I was taking a walk yesterday at lunch, listening to Dragnet on my iPod. At a certain point in the show, Friday and his partner interview a woman who operates a "French Laundry" in Los Angeles. It took a little Googling to find what a French Laundry is. Most of the hits returned by Google were reviews of a restaurant with that name. One or two involved sex acts. I was pretty sure that Friday and Romero weren't investigating that!

Eventually, I learned that a French Laundry service provides specialized services in cleaning and pressing unusual or delicate clothing.

Now these shows were written and presented from the late 1940's though the mid-1950's. I was born in the mid-1950's, and though I have a good memory for words, and I had heard the term before, I had no idea what it meant.

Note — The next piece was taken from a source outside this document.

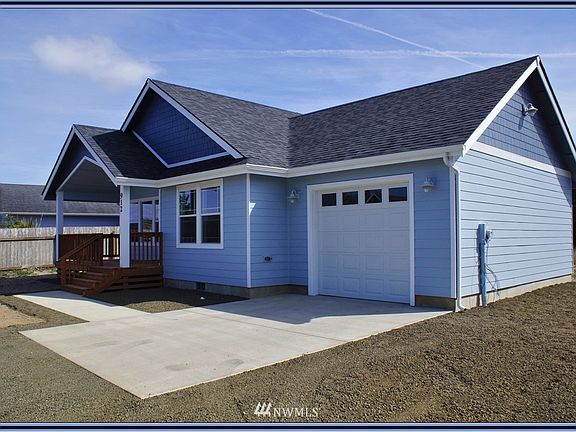 3rd image of 912 Cascade Avenue
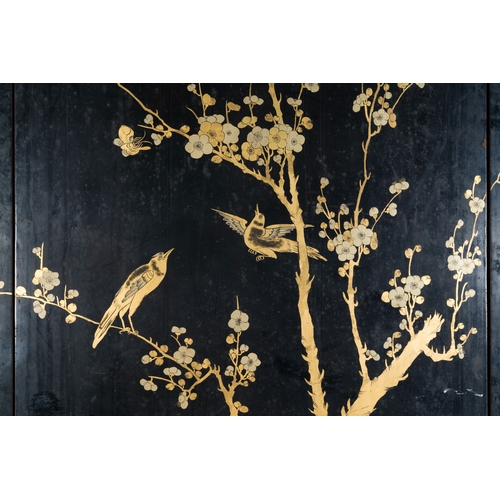 114 - Two large Chinese Canton black and gilt-lacquered panels, 19th C.Description:Dim.: 190 x 77 cmCondit...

How about some other terms which have vanished from common use in the past 60 years that were once so common that you could use them in a radio script with the assumption that all the listeners would understand them?
 

Stanley Doble

Call Me a Cab
Messages
2,808
Location
Cobourg
Would anyone today know what the third degree is?

Blackmail was a serious crime in those days, now if you accuse a Hollywood star of being a drug addict, a pervert, and a thief it only means you have read his autobiography.

How long has it been since a cop hopped on a running board and yelled "follow that car!"

Would the younger crowd be puzzled to hear "I was going to phone you but I didn't have a nickel".

A few years ago I read a detective story from the forties in which one of the characters played a symphony on his Capehart. I had to look that one up.

Would the term bankroll mean anything in this day of credit cards and debit cards.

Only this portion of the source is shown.